• [Data for the task]

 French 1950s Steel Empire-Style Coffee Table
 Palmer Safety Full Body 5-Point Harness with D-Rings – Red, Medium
...
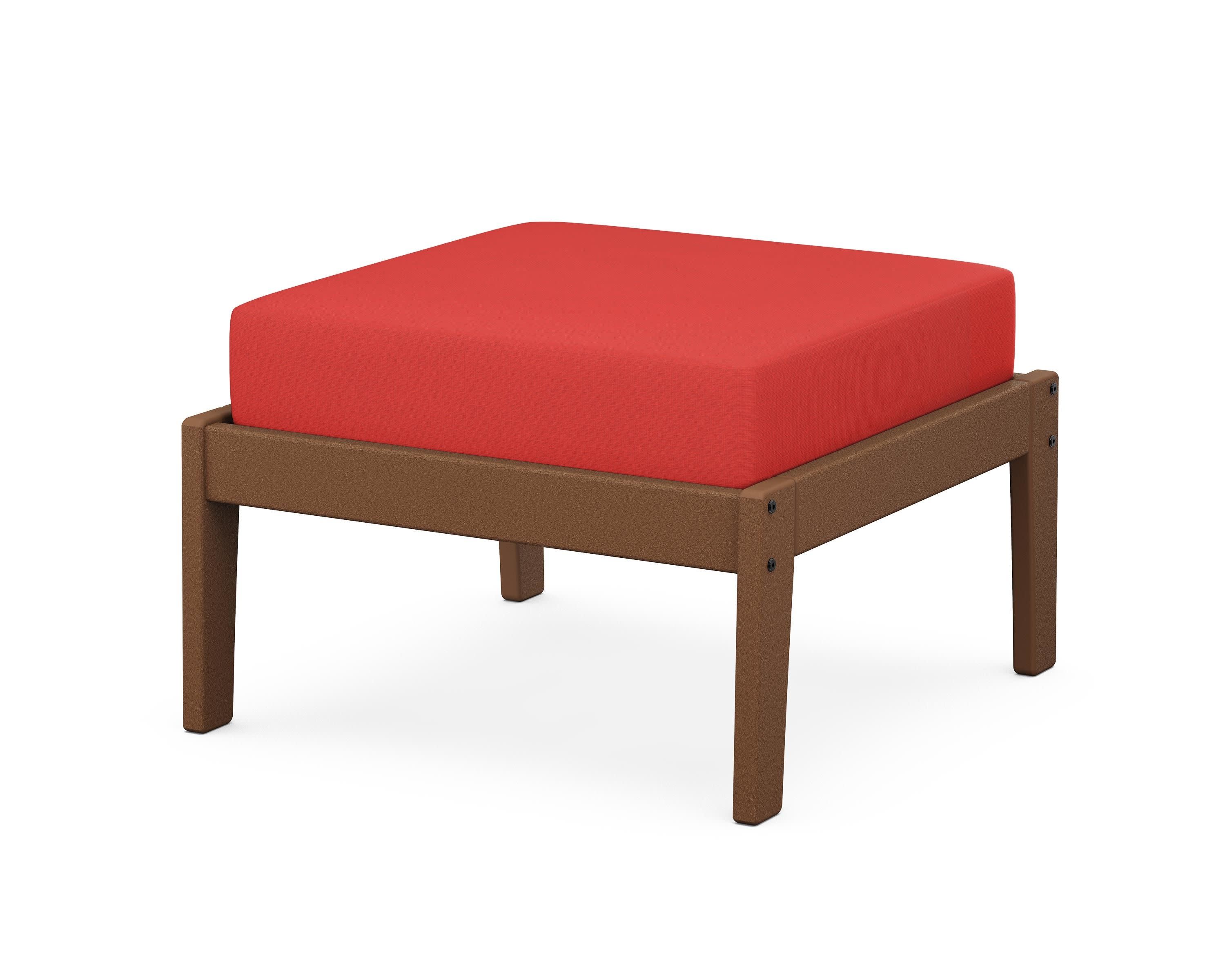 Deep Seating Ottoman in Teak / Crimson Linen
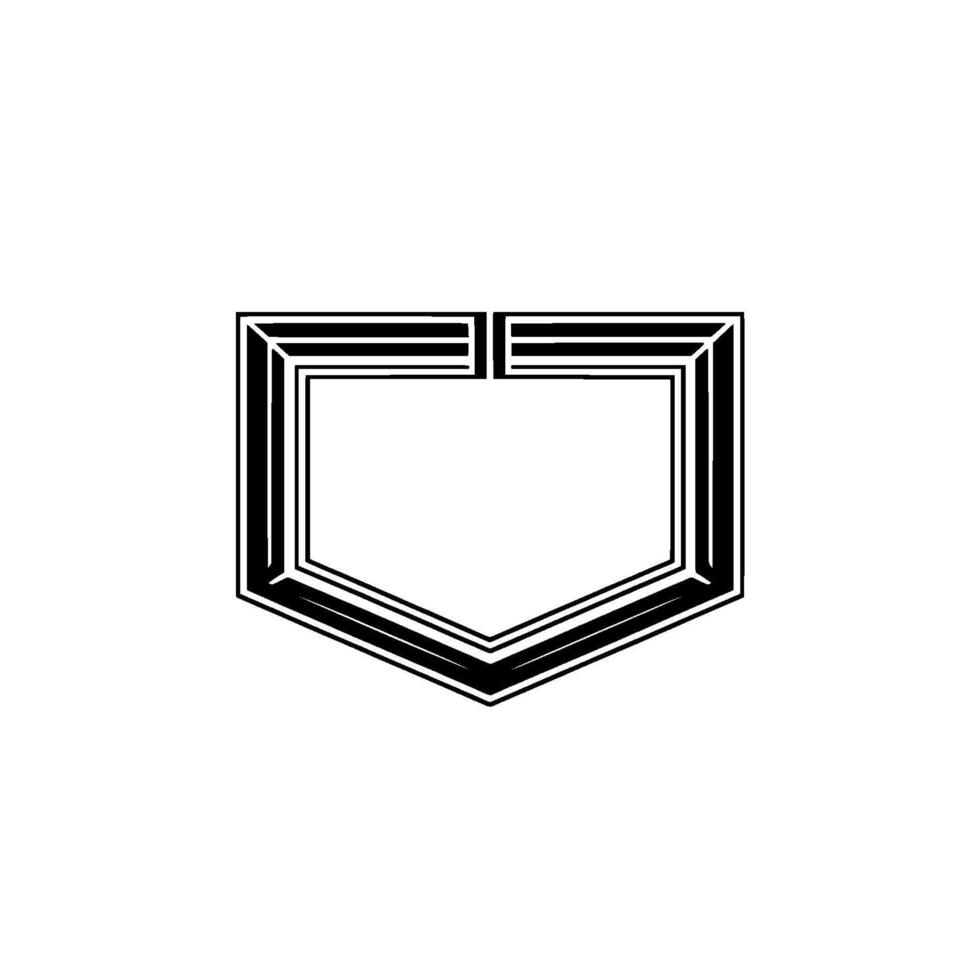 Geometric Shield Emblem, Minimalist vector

• [Work instruction] Give back exactly the lines above starting at the line where "French 1950s Steel Empire-Style Coffee Table" appears and ending at the line where "Palmer Safety Full" appears, both included, with no other lines.

• [Output of the task]
 French 1950s Steel Empire-Style Coffee Table
 Palmer Safety Full Body 5-Point Harness with D-Rings – Red, Medium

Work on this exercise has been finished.